Nora took a step back.
Penelope, regal in a high-necked dressing gown with a demure trim of eyelet lace, remained seated. ‘Here she is now. She can make the tea. I would, but …’ A nod to the walker, accompanied by a self-deprecating laugh. Yet she must have struggled her way to the door to answer the knock Nora hadn’t heard because she’d been daydreaming her way through a too-long shower.
Nora pushed her hair away from her face. It dripped slowly on to her T-shirt, the damp spreading across her shoulders. She’d forg
one the blow dryer, hoping to preserve the illusion of coolness as long as possible.
She studied his face, as she did with anyone close to her own age in Chateau, assessing the chance that he might be another former schoolmate. But Penelope’s next words disabused her of the possibility.
‘This is Sergeant Brittingham. He grew up in Easton.’
So they’d already played that game, sussing out each other’s people. Brittingham hailed from the tony town to the north, with a name that went back generations. Penelope, of course, had her own generational bragging rights, made manifest by Quail House, and the added fillip of a Police Chief father, leaving no doubt as to who held the social upper hand. Which explained Brittingham’s deferential manner when he turned to Nora.
‘We just need a few minutes of your time down at the station.’
Nora took another step back. The last time she’d gone voluntarily with a law enforcement officer – it had been a Wyoming sheriff – she’d ended up spending the night in a county jail on suspicion of kidnapping and possible murder.
‘We understood you might be a witness to the, ah, unfortunate event of Saturday night,’ he added.

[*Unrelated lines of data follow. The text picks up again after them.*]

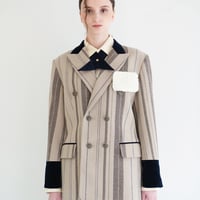 【 daichïogata 予約 】 DOUBLE BREASTED JACKET -STRIPE TWEED- -2026年10月発送予定-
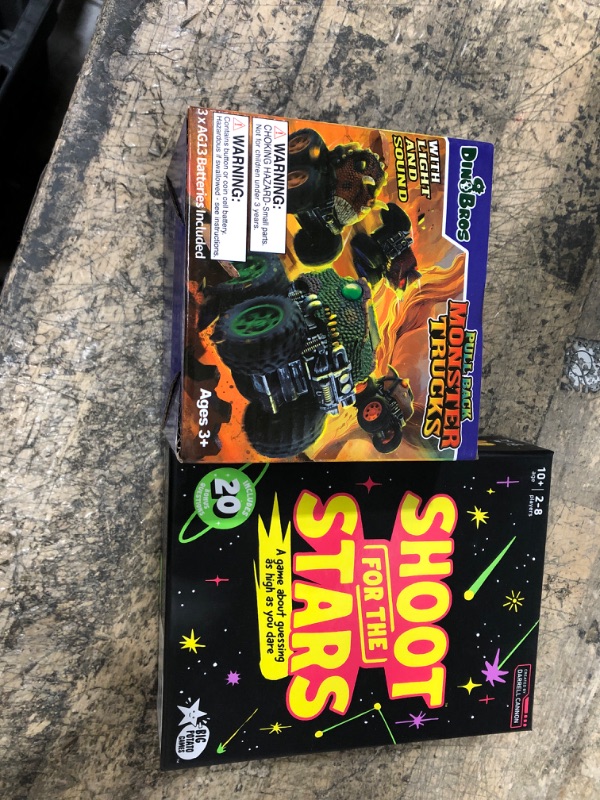 Photo 3 of Big Potato Shoot for The Stars — The Rocket-Powered Trivia Game for Adults and Family — Board Games for Teens, Kids and Aliens Alike and DINOBROS Dinosaur Toys with Sound and Light Pull Back Car Toy for 3 4 5 6 7 Year Old Boys Triceratops Monster Truck 02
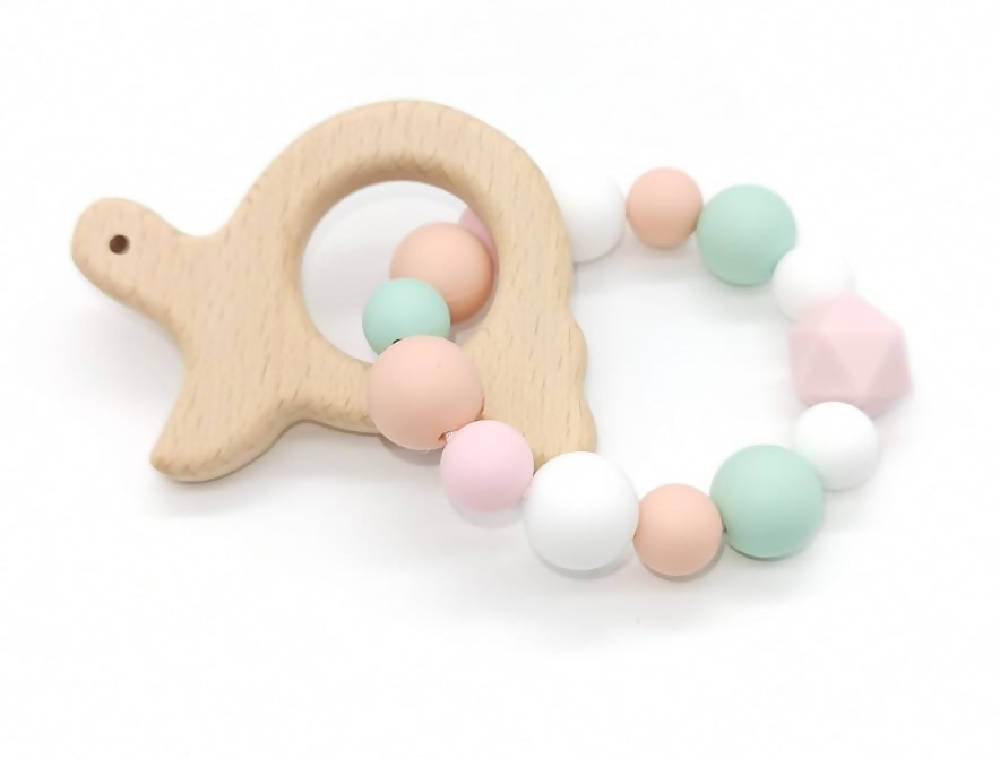 Wood Silicone Baby Rattle Ring Teether - WERONE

That hadn’t taken long. Nora wondered if Alden had called him from the boat as soon as he’d rowed out of sight.
‘I didn’t really see anything. I told Alden that.’
Penelope stiffened, and Nora cursed inwardly as she realized she’d just brought a raft of eventual questions down upon herself.
‘You can help us with a timeline,’ he said easily. ‘It’ll only take a few minutes. I’ll drive you right downtown and get you back in time to make lunch for your mother.’
Penelope bestowed a smile upon the cop as she wielded a verbal stiletto on her daughter. ‘I’m so glad to hear you and Alden got a chance to catch up.’ As though it had been a few weeks, rather than decades. ‘I can’t wait to hear all about it.’